Чтение онлайн

на главную

Жанры

Шрифт:

Вторая притча, написанная Толкином спустя долгие годы, тоже, вне сомнения, о творчестве и судьбе творца-человека, хотя и в ином аспекте. Это «Кузнец из Большого Вуттона», написанный в 1965 г., а опубликованный в 1967-м. Толкина попросили написать предисловие к сказке Дж. Макдональда, которая при перечитывании ему не понравилась. Увлекшись полемикой с давно усопшим автором, он в качестве обращенного к читателю «примера» стал сочинять собственную историю, которая вскоре зажила своей жизнью.

Главный герой сказки — Кузнец, благодаря обретенному в детстве дару, чудесной звезде, спрятанной в праздничном деревенском кексе, получает право посещать Феерию. В финале ученик Мастера Повара на памятном празднике, Альф, сам уже деревенский Повар, раскрывается Кузнецу как

Король Феерии — и велит вернуть дар, оставив звезду преемнику. Кузнец не без тяжести на сердце, но добровольно уступает, — теперь он отдаётся повседневным заботам семьи и своему ремеслу, сохраняя светлую память о былом. Альфу и Кузнецу противопоставляется полный напыщенной житейской мудрости Повар Нокс, отчасти напоминающий наименее симпатичных хоббитских персонажей «Властелина Колец».

«Кузнеца» многие нашли обычной детской сказкой, часто он так и подается, вопреки ясно выраженному мнению автора: «Сказка была (конечно же) не предназначена для детей!

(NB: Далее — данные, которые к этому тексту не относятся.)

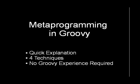Hello! Welcome to Metaprogramming in Groovy. We're going to explain what metaprogramming is and walk you through four different metaprogramming techniques available in Groovy.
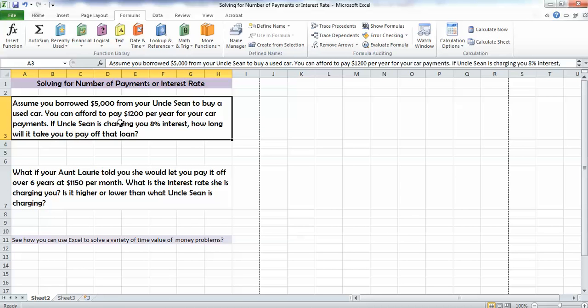Uncle Sean has decided to let us borrow $5,000 from him to buy a used car. We can afford to pay $1,200 per year for our car payments. If Uncle Sean is charging 8% interest, how long will it take to pay off that loan?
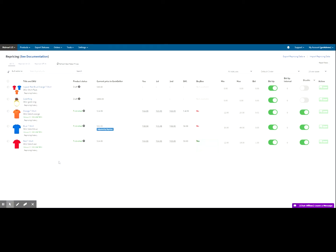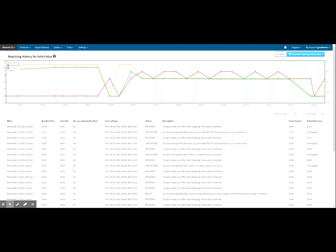You can also see the repricing history per product by clicking the repricing history button. When you click this, it brings you to the repricing history for that product. Everything is chronological here to match the graph. For example, you can see on November 15th your price was $31.93 and the buy box price was $31.98. Everything will be shown in the graph above.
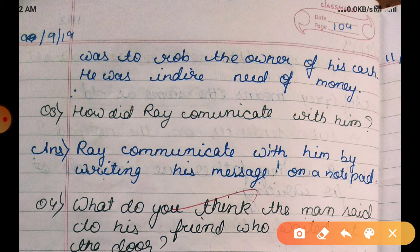Question three: how did Ray communicate with him? Answer: Ray communicated with him by writing his message on a notepad.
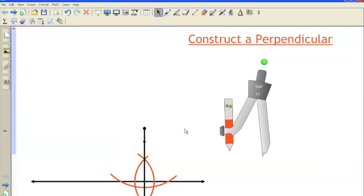All right, so that's how you construct a perpendicular from a given point to a given line. This will come in handy when we create perpendicular bisectors in later constructions. If you have any questions, put them underneath this video. Thanks for watching. Come again. Peace out.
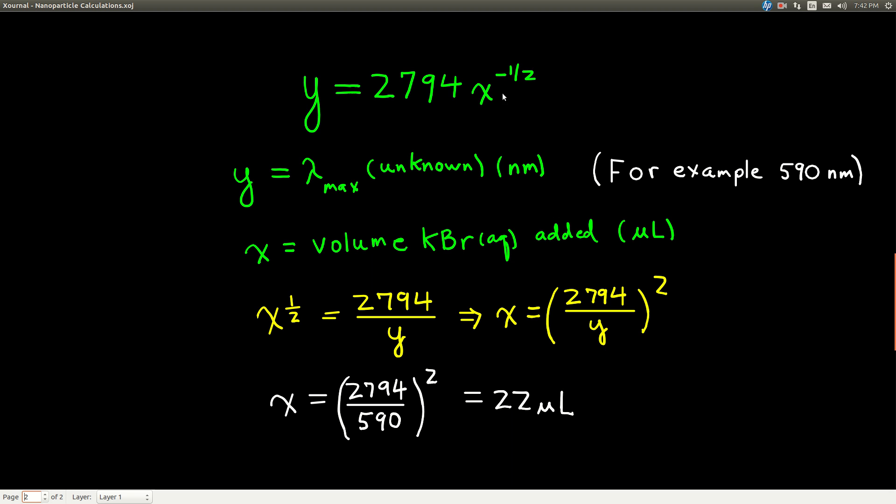Your power should be pretty close to minus 0.5 thereabouts. And in this equation, Y is the lambda max for your unknown in nanometers. You measured this. X is the volume of potassium bromide that I added to your unknown solution in microliters.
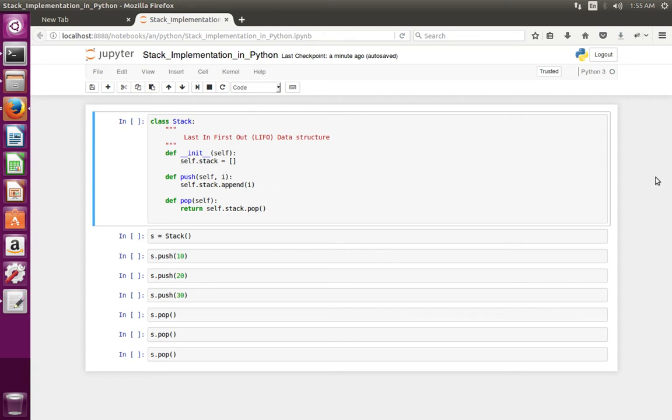This video shows how to implement a simple stack in Python. Stack is a last in first out data structure.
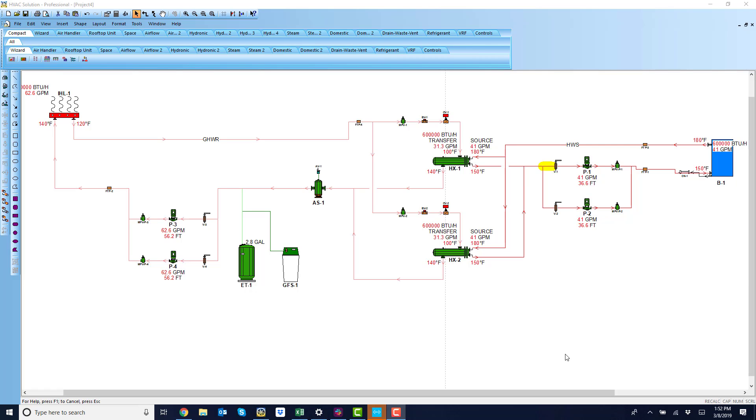Hello, Joe once again. I had a user recently call me and they wanted to build a snow melt system with some heat exchangers and they wanted to use a Patterson-Kelly boiler. This is the system I built for him in just a few minutes.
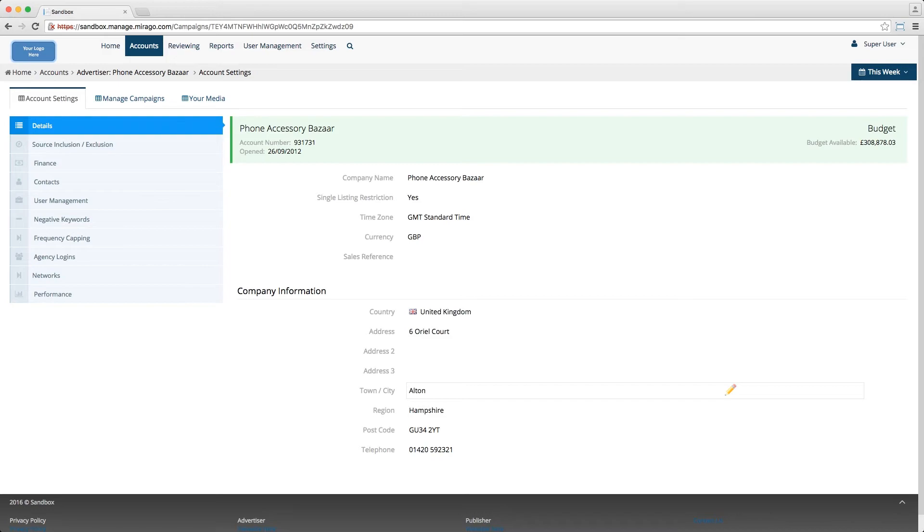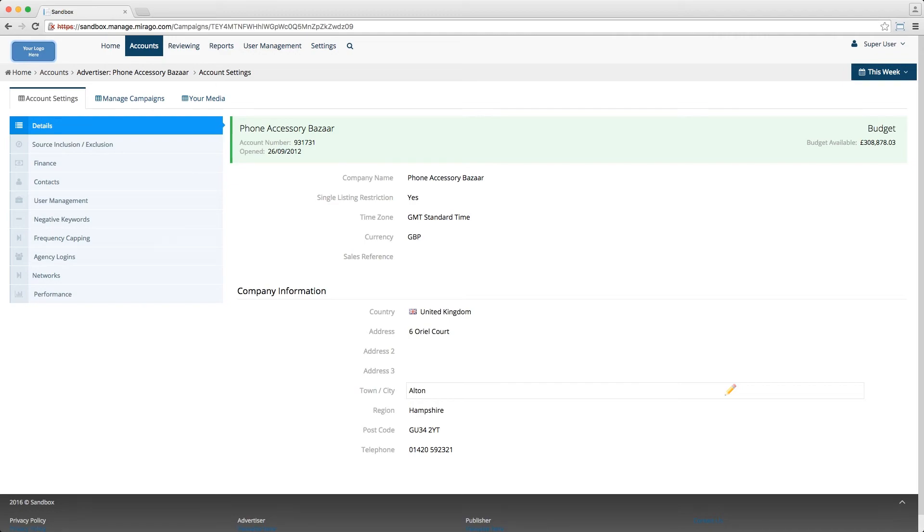That pretty much concludes the details section of the advertiser interface. If you have any queries or questions about this particular section or any other aspect of the Morago interface, please do get in touch and let us know. I'm sure we'll be able to help you out.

Книжка старого человека, уже обременяемого предчувствием «утраты». Может быть, в силу этого Толкин искал и находил в истории какие-то иные аллегорические смыслы, даже утверждал, что заложил в неё притчу о церковной жизни: «Волшебная страна — это не аллегория, она воспринимается как нечто реально существующее за пределами воображения. Там, где речь идет о людях, действительно присутствует элемент аллегории, и мне это кажется очевидным, хотя никто из читателей и критиков на это внимания пока не обратил. Никакой «религии» в сказке, как обычно, нет; но Мастер Повар, Большой Зал и т. д. представляются мне достаточно прозрачной (отчасти сатирической) аллегорией на сельского пастора и деревенскую церковь, чьи функции мало-помалу утрачиваются и забываются, теряя всякую связь с «искусствами» и сводясь к тривиальному поглощению пищи, так что последние следы чего-то «иного» сохраняются только в детях».

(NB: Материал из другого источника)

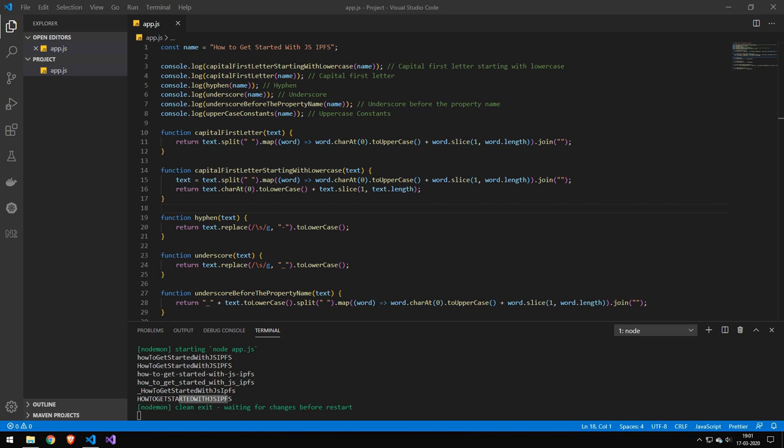I'm not going to be explaining things like map and split and uppercase since you should already know how those work. I'm just going to be showing you how to combine these to convert your string into these different naming conventions.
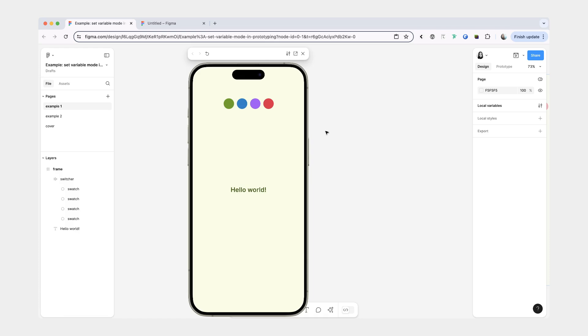Hi friends, in today's video we'll go over how you can use set variable mode in your prototypes and we'll be making two examples.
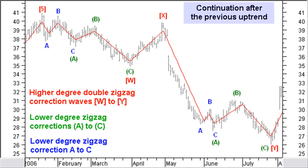Continuing the previous chart, after the top big brackets 5, which is actually now a new longer term wave 1 of a higher degree, we expect a correction wave 2 for this longer term up move. It turned out a correction wave just staying a fraction above the start of the previous up wave. The correction wave is a double zigzag correction with waves W to big brackets Y, with both zigzag waves brackets A to bracket C, where both brackets A waves have another extension of a lower degree with waves A to C.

Очевидно, так оно и было, но в первую очередь это всё-таки история о том, как радостно и важно обретение собственного волшебного мира, «Побег» из обыденности, и сколь неизбежна «утрата» со временем, даже если «возвращение» и имеет смысл. X. Карпентер видел в «Кузнеце» своеобразное прощание Толкина: «Это была последняя сказка, которую он написал».

Толкину иногда можно приписать — и он сам мог к этому временами склоняться — стремление воспеть «простое и обычное» как являющееся причиной и итогом всего возвышенного и героического. Что же, «Властелин Колец», как мы его знаем, заканчивается сценой возвращения проводившего Фродо и Бильбо на Истинный Запад Сэма домой в Шир, к любящей хозяйственной жене и маленькой дочурке: «Сэм повернул к Приречью и к вечеру добрался до подножия Холма. Еще поднимаясь наверх, он заприметил желтые огоньки в окошках усадьбы. Камин пылал вовсю, стол был накрыт к ужину. Рози схватила Сэма за руку, живо втащила внутрь, усадила в любимое кресло и водрузила ему на колени крошку Эланор.

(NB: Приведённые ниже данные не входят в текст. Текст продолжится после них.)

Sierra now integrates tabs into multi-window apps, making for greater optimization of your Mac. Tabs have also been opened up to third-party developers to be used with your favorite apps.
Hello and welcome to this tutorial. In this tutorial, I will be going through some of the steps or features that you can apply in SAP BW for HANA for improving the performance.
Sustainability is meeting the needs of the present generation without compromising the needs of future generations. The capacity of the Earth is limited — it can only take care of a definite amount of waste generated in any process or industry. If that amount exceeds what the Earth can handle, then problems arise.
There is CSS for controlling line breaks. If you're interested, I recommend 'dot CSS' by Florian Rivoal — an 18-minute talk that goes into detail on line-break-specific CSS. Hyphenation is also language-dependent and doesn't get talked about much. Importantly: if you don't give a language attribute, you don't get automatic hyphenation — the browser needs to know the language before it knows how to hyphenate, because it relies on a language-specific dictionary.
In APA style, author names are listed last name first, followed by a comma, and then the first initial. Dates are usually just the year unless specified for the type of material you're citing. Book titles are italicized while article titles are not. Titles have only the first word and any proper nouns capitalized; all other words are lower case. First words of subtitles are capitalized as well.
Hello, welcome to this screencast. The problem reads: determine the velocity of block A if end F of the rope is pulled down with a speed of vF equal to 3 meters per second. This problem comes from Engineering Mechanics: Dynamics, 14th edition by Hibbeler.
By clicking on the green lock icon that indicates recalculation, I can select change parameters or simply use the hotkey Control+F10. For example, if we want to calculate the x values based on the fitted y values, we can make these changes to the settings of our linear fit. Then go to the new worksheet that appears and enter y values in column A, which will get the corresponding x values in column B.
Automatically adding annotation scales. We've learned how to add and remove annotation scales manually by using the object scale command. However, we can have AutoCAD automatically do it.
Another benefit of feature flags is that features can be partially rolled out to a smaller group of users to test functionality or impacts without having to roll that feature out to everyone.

Сэм глубоко, глубоко вздохнул.

— Ну вот я и вернулся, — сказал он».

Что же, всё было ради этого? И никакого другого смысла, важнее «простого человеческого счастья», в мире нет? Так вправе считать мы, или многие из нас, но правда ли так считал Толкин? Оставим даже в стороне Приложения, которые Толкин считал обязательными для понимания текста. В его оригинале, до встречи с критикой друзей, роман заканчивался «Эпилогом», действие которого разворачивается через несколько лет. И окончание это на совсем иной ноте — оставшееся на десятилетия тайным для читателей окончание, как тайным оставался долгие годы отнюдь не только лингвистический «порок» Толкина, его стремление за окоем обыденности:

«Мастер Сэмуайз стоял у двери и смотрел на восток. Он привлек к себе миссис Розу, обняв ее рукой.

— Двадцать пятое марта! — произнес он. — В этот день семнадцать лет назад, Роза, женушка моя, я не думал, что когда-нибудь еще тебя увижу. Но сохранял надежду.

— А я так и вообще не надеялась, Сэм, — сказала она, — вот до этого самого дня; а тогда вдруг стала надеяться. Около полудня было — почуяла я такую радость, что петь начала. А матушка говорит: «Тихо ты, девчонка! Бандиты кругом». А я ей: «Пусть приходят! Скоро их время кончится. Сэм возвращается». И ты вернулся.

— Вернулся, — сказал Сэм. — В самое любимейшее место во всём мире. К моей Розе и к моему саду.

Они вошли внутрь, и Сэм закрыл дверь. Но в этот самый миг он внезапно услыхал глубокий и беспокойный вздох Моря, рокочущего у берегов Средиземья».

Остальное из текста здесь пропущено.